[Information provided — start]

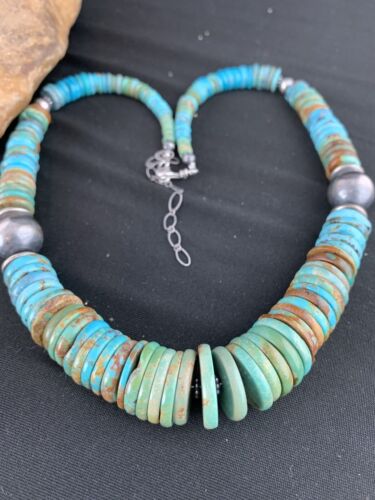 Navajo Sterling Silver Necklace with Southwestern Blue Green Turquoise | 20" | Graduated | Authentic Native American Jewelry
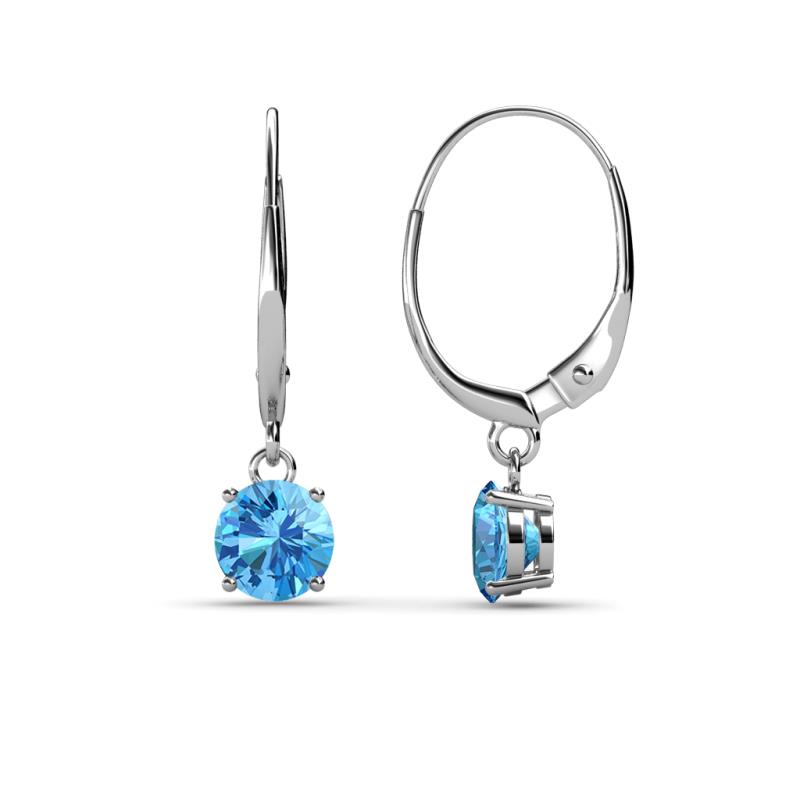 Grania Blue Topaz Solitaire Dangling Earrings Blue Topaz ctw Four Prong Womens Solitaire Drop and Dangle Earrings K White Gold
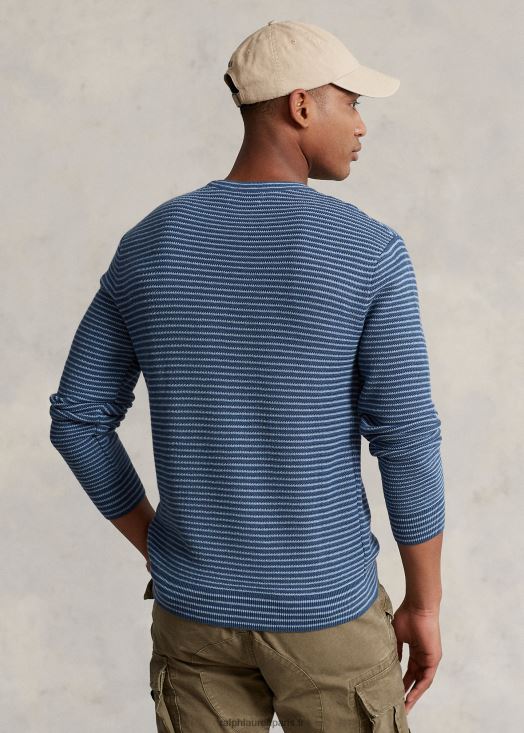 pull en coton à rayures texturées 46T60T794 Hommes Ralph Lauren combo bleu clancy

[Information provided — finish]

What is being asked
Write out the whole listing exactly. Pictures stay out.

Answer space
 Navajo Sterling Silver Necklace with Southwestern Blue Green Turquoise | 20" | Graduated | Authentic Native American Jewelry
 Grania Blue Topaz Solitaire Dangling Earrings Blue Topaz ctw Four Prong Womens Solitaire Drop and Dangle Earrings K White Gold
 pull en coton à rayures texturées 46T60T794 Hommes Ralph Lauren combo bleu clancy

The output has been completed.